Something I am thinking about working on this month. This is probably only interesting to anti-spam advocates, sysadmins, and other hard-core geeks.
I recently posted to SPAM-L:
(This is just a summary of what I am thinking about doing with our incoming crap mail. Feedback is appreciated but I’m mostly just posting to summarize for those who are curious.)
The biggest challenge will be the large volume of mail, so I have decided to take a slightly different approach to scaling the problem: I will start by sampling only a percentage of the load by load balancing the same way we do for our web site. That means of the 3M sendmail connections coming in, I can choose 1% of those (30,000) to scrutinize closely and turn that number up once we prove the approach is scalable. (This is for altavista.com and a few other “nomail” domains that have not been used for legit email in 18+ months :)
My big concern was that I don’t want to kill ORDB, SBL, SORBS/SPEWS with 35 queries per sec. For now I will probably process only 1% of the traffic (0.3 qps) against these in a normal caching-nameserver style (the rest will be sent to our normal MX setup that gets postmaster and abuse and rejects the rest). I want to get started on processing the mail and looking for other sources not listed on these. I really do want to set up rsync for those feeds, but for now this is sufficient.
My goal is to start building a local blacklist that I can consult before other RDNSBL, and once this is built up to catch a large percentage of crap, I can turn up the volume. The starting criteria will be something like:
1. sighted in ORDB, SBL, etc – block for 24 hrs, then eligible to query again (because we don’t need to find spam sources someone else already found)
2. sent us 100 or more messages with 99% spam according to SA – block for 2 weeks (this is the useful info I want – spammers IP addresses and headers from the spam)
I’ll post again when I have anything interesting to report :)
My previous post on the subject was this:
I wrote a while ago about our “dead domains mail server” – a pair of sendmail servers that serve nothing but bounces for our dead and much-abused domains. I am now seeking some more specific advice from folks who have had to deal with a large volume of crap mail. We currently get about 3 million sendmail connections per day, 99.9% of these serve “User Unknown” messages, but since I have some time on my hands I would like to start analyzing the stream of crap so I can feed some useful info back to the anti-spam community.

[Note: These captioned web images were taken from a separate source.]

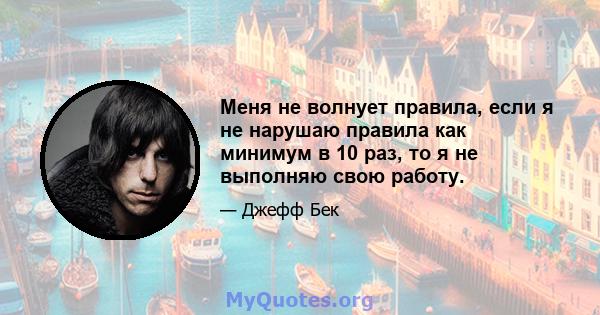 Меня не волнует правила, если я не нарушаю правила как минимум в 10 раз, то я не выполняю свою работу.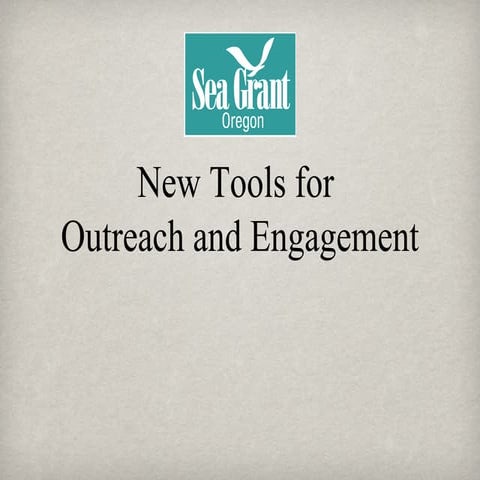 Sea Grant: New Tools for Outreach and Engagement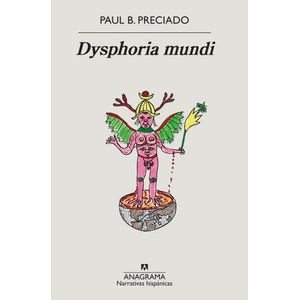 DYSPHORIA MUNDI - PAUL B. PRECIADO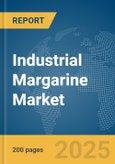 Industrial Margarine Market Report 2025- Product Image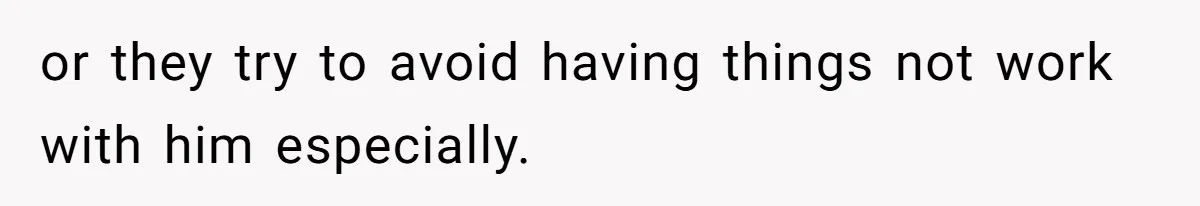 or they try to avoid having things not work with him especially.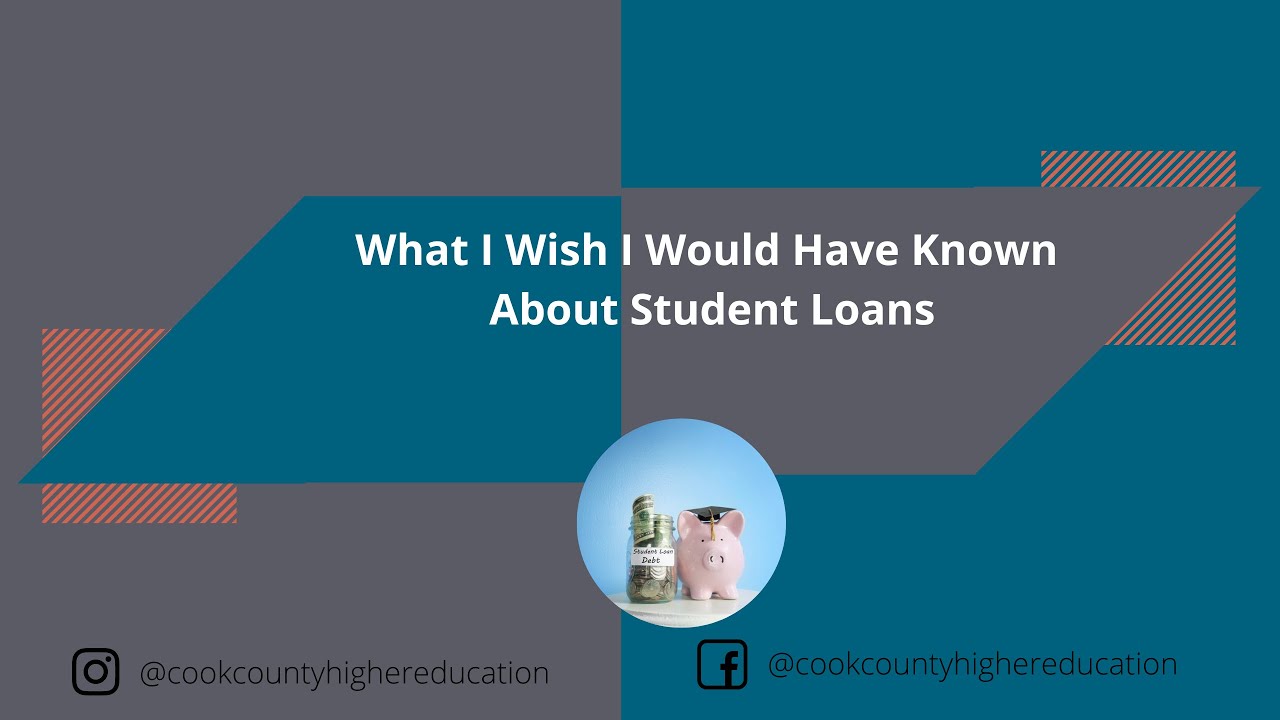 What I Wish I Would Have Known About Student Loans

Here is what I want to accomplish.
1. Use best-available technology to filter the crap. Dump anything already catchable by ORDB, SBL, SPEWS. (I can figure out how to do this, but I’m interested in comments as to which DNSBL’s seem to be most useful and timely)
2. Send the crap that does make it through step 1 into Spam Assassin, so that it can feed DCC/Razor (I can work out how to do this, but I’m not sure how much benefit this gives back to the community.)
3. Periodically view a “sample” of the crap to try and catch more hosts that should be blocked, but aren’t in any DNSBL yet. (Tips are welcome here, things that people usually look for, what criteria something should meet before posting it to “sightings” etc.)
4. Catch any bounces from forged mail and let those postmasters know that they should a. reject the mail instead of accept-then-bounce and b. check out SPF to help catch forgery on the front line.
5. If I can figure out how, I would like to add a record to a mysql database for each incoming mail, something like
originating IP and rDNS, maybe AS or Arin Netblock
claimed mail-from address
found in SBL, SPEWS, ORDB
(This last one will be the most challenging and I may or may not do it. Ideally it would be sort of useful to report on where the largest stream of crap comes from, but it would probably take a lot of work and there are probably others who have already done this better than I could do)
One thing I am thinking about is possibly switching to Postfix, if it would make the job of sending stuff to SA, logging to a database, etc. a bit easier. Anyone have thoughts or suggestions on this?
Thanks for any pointers.